# PROBLEM STATEMENT:
Each line below must be transcribed exactly, and no picture may appear in the transcription.

# DATA FOR PROCESSING:

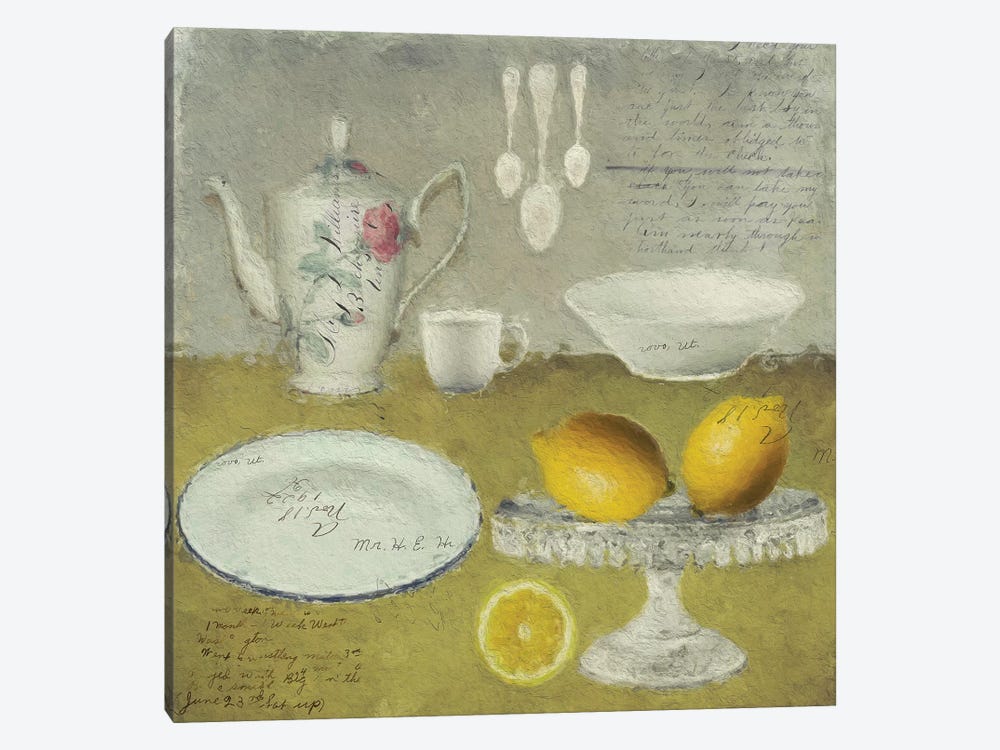 Lemons by Sarah Jarrett 1-piece Canvas Art Print
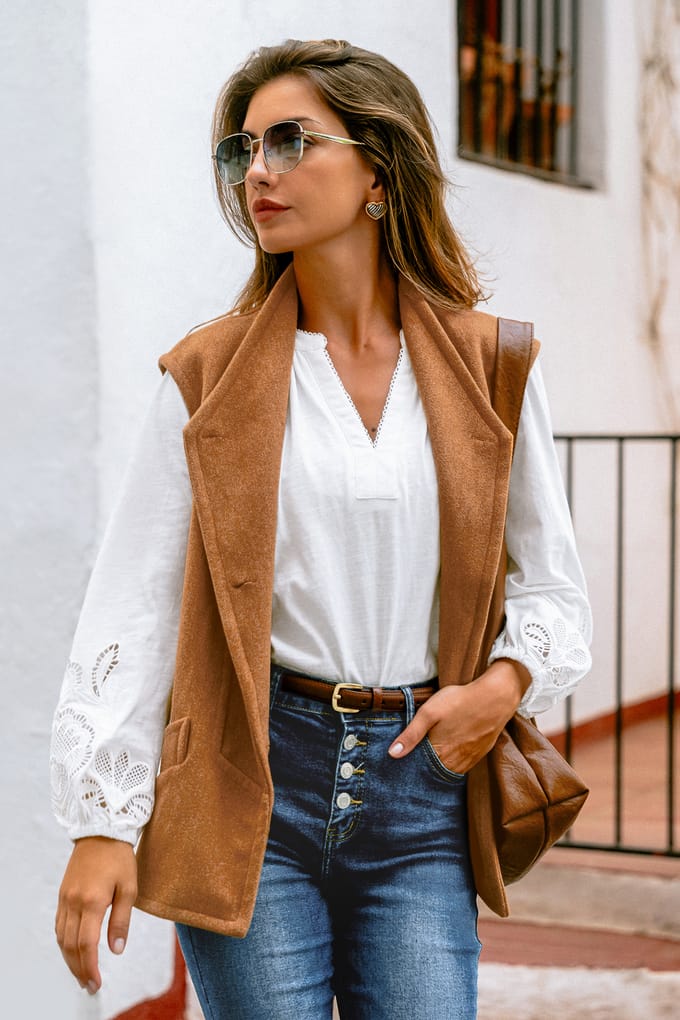 Maple Glow Bruin Vest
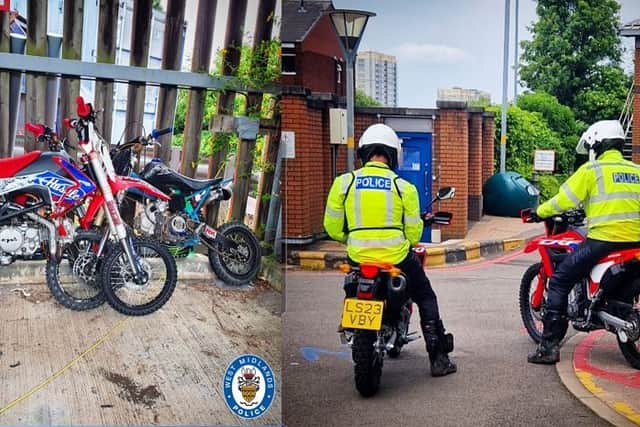 Seven off road bikes "causing nuisance and upset to communities" seized ...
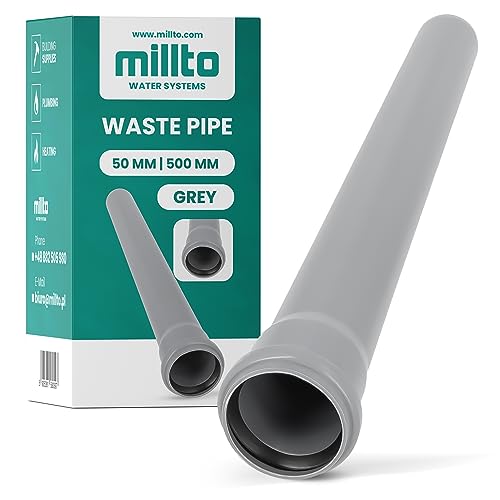 Millto™ Tubo de alcantarillado de alcantarillado, 50 mm x... - Bricolage & Outils Amazon Espagne à 1.99€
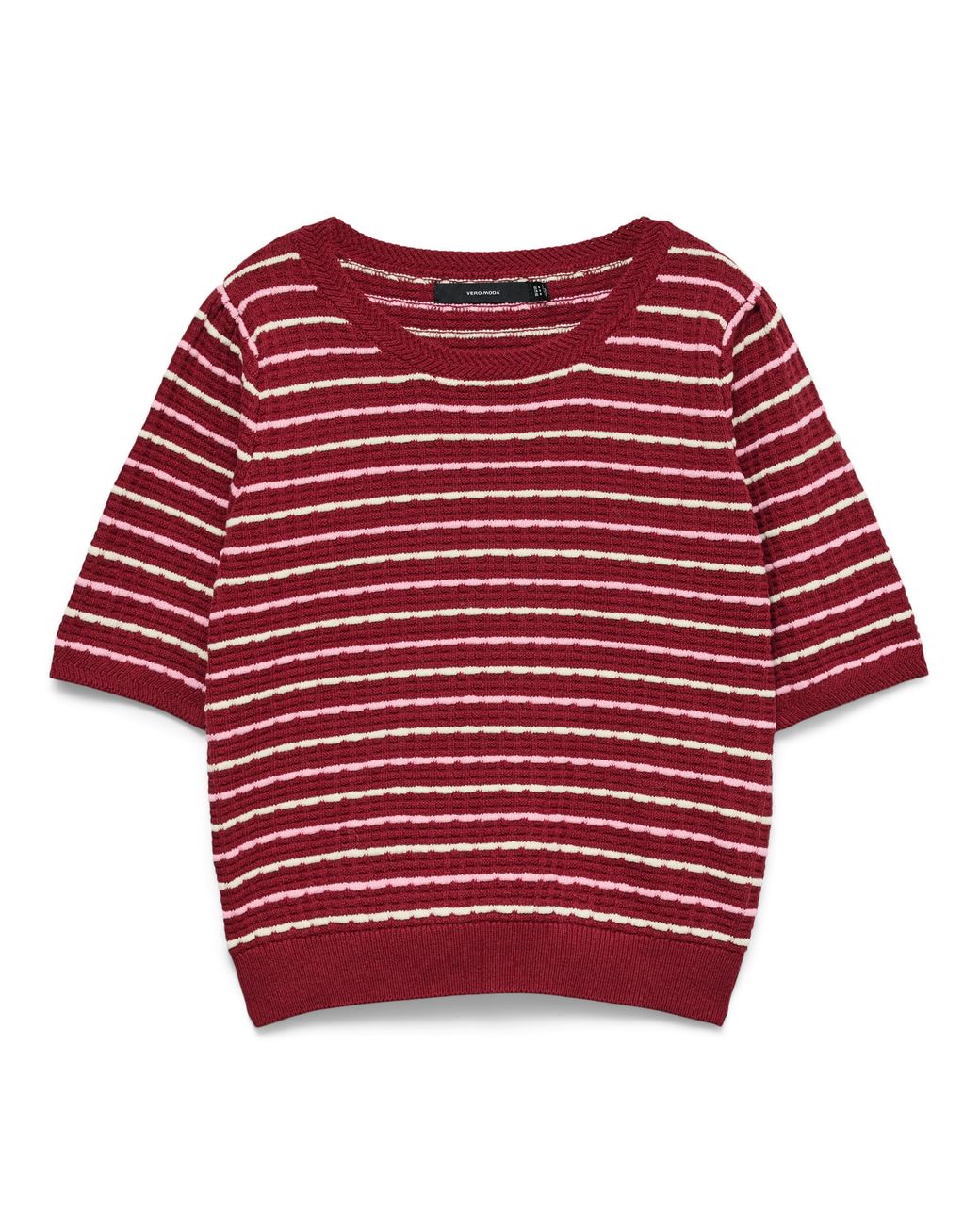 Vero Moda Red Monica O-Neck Knit Top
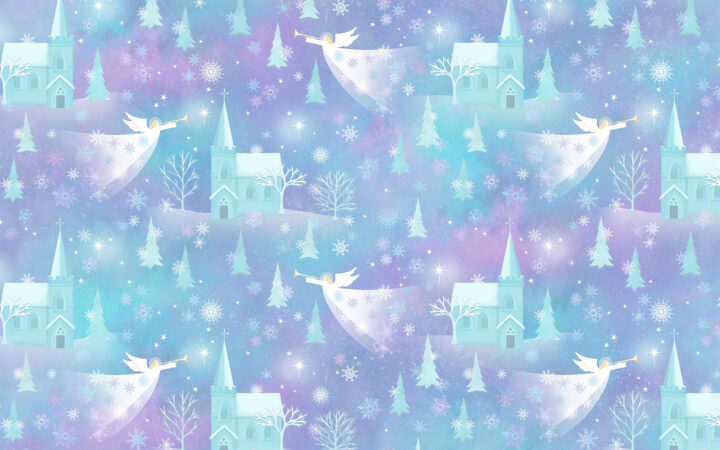 Northcott Angels on High Light Teal
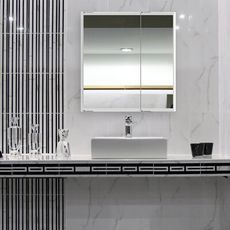 洗樂適衛浴-台灣製造日式多層活動收納 70公分雙面鏡櫃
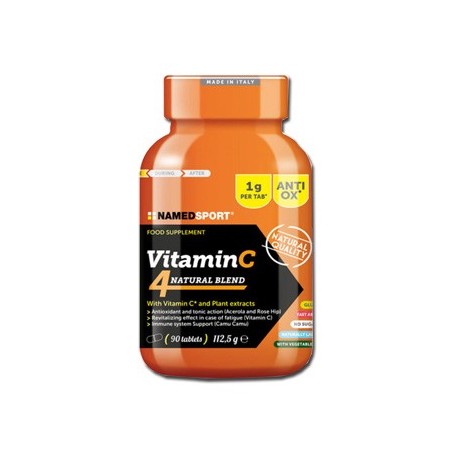 Namedsport Vitamin C 4 Natural Blend 90 Compresse - Vitamine e sali minerali - 935529521 - Namedsport - € 17,79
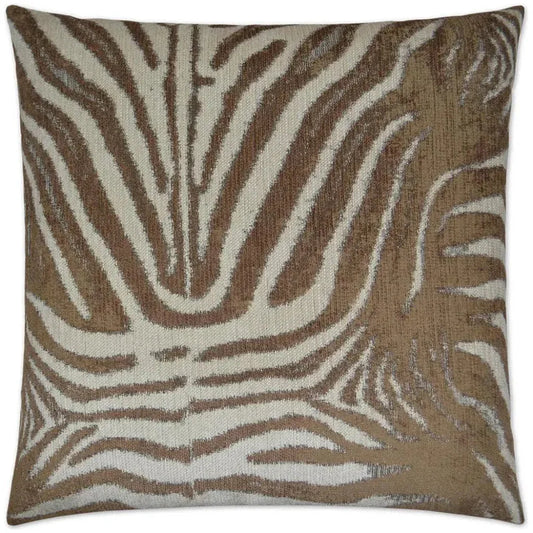 Zebrana Tan Brown Throw Pillow With Insert - LOOMLAN - D.V. Kap - Throw Pillows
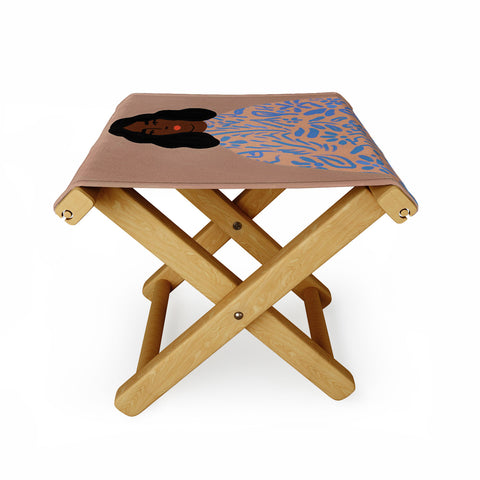 constanzaillustrates The Sweater Folding Stool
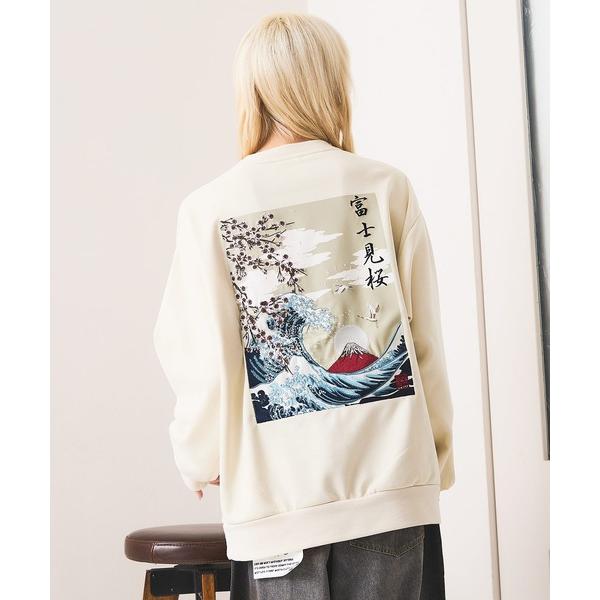 トレーナー スウェット 「BRUDDA SHARK/ブラダシャーク」バックプリント 和柄刺繍 スウェ...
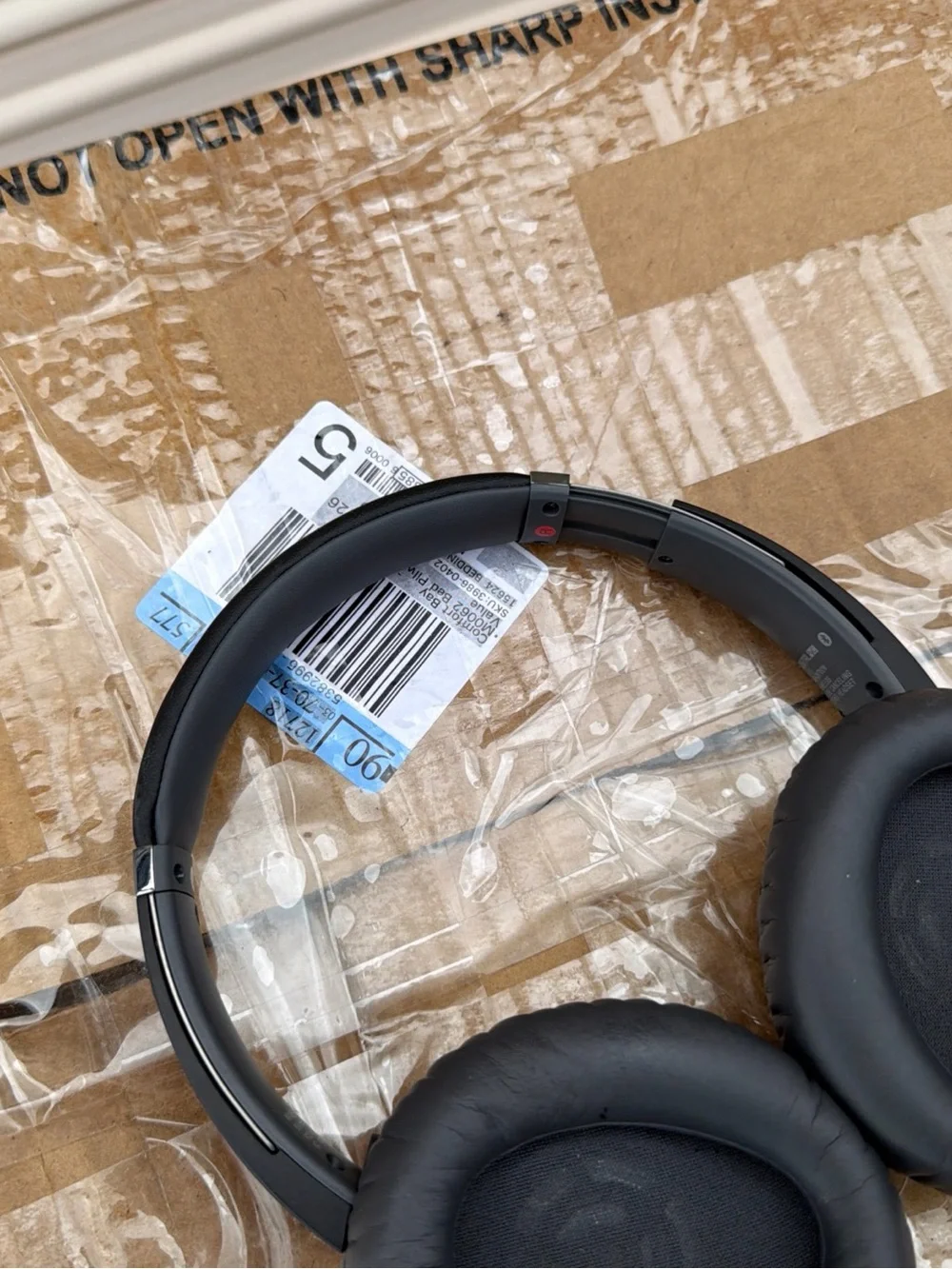 Original Sony WH-CH700N Over the Ear Headphone - Black Tested Working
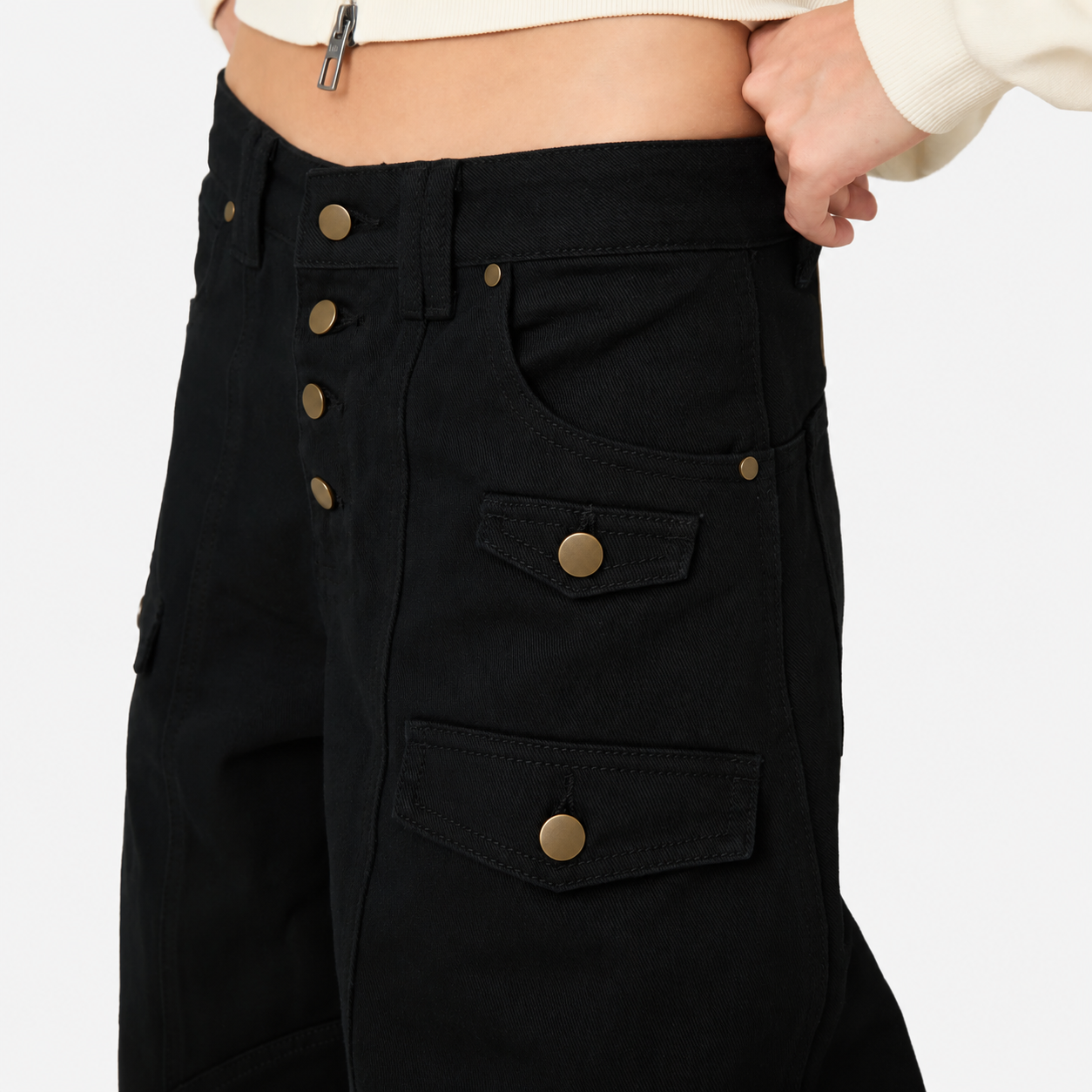 Palais Black Denim Pants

# EXERCISE RESPONSE:
 Lemons by Sarah Jarrett 1-piece Canvas Art Print
 Maple Glow Bruin Vest
 Seven off road bikes "causing nuisance and upset to communities" seized ...
 Millto™ Tubo de alcantarillado de alcantarillado, 50 mm x... - Bricolage & Outils Amazon Espagne à 1.99€
 Vero Moda Red Monica O-Neck Knit Top
 Northcott Angels on High Light Teal
 洗樂適衛浴-台灣製造日式多層活動收納 70公分雙面鏡櫃
 Namedsport Vitamin C 4 Natural Blend 90 Compresse - Vitamine e sali minerali - 935529521 - Namedsport - € 17,79
 Zebrana Tan Brown Throw Pillow With Insert - LOOMLAN - D.V. Kap - Throw Pillows
 constanzaillustrates The Sweater Folding Stool
 トレーナー スウェット 「BRUDDA SHARK/ブラダシャーク」バックプリント 和柄刺繍 スウェ...
 Original Sony WH-CH700N Over the Ear Headphone - Black Tested Working
 Palais Black Denim Pants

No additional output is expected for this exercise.